Behavioral testing is not sufficient. We have talked about this numerous times in previous sections, but it's worth mentioning again. Watching what a model does can tell us a lot, but it's still like trying to understand how a person thinks by only observing their actions. Our heavy reliance on behavioral testing - analyzing model outputs - leaves us with significant blind spots about how models actually work. A model might give the right answers while using internal strategies we can't detect. So in addition to being limited by breadth due to combinatorial complexity of the number of things we need to test, we are also limited on the depth of evaluation until we make true progress on interpretability. Unless interpretability makes progress, evaluations have a definite upper limit on how much safety they can guarantee.

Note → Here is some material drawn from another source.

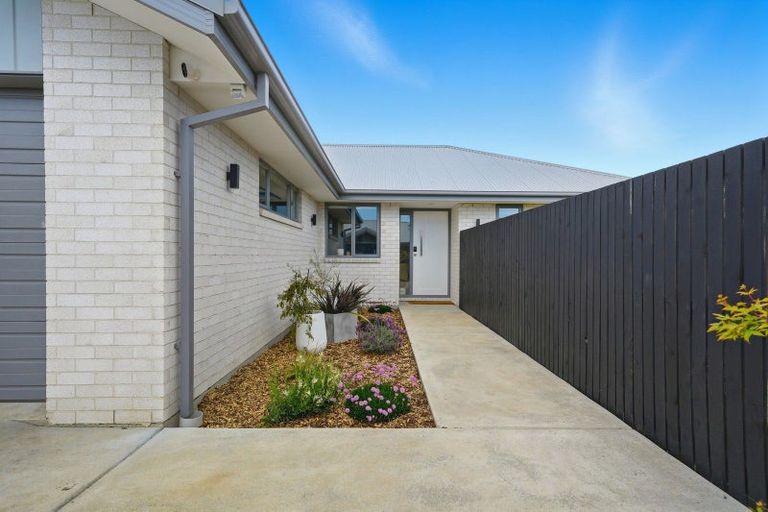 Photo of property in 5 Hunter Lane, Amberley, 7410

Sandbagging refers to strategic underperformance on evaluations, where an AI system is intentionally made to appear less capable than it actually is. There are concerns about AI systems themselves choosing to sandbag, independent of developer intentions. An AI system might deliberately hide its capabilities to avoid modifications or restrictions that would prevent it from achieving its goals (Hubinger, 2023). We talked more about why this is a concern in the subsection on scheming. As evidence that is is possible, multiple frontier models including Claude 3.5 Sonnet, Claude 3 Opus, and OpenAI's o1 have been shown to be capable of sandbagging behavior. They deliberately underperformed on arithmetic tasks when they believed that high performance would trigger model unlearning1 (Meinke et al., 2025).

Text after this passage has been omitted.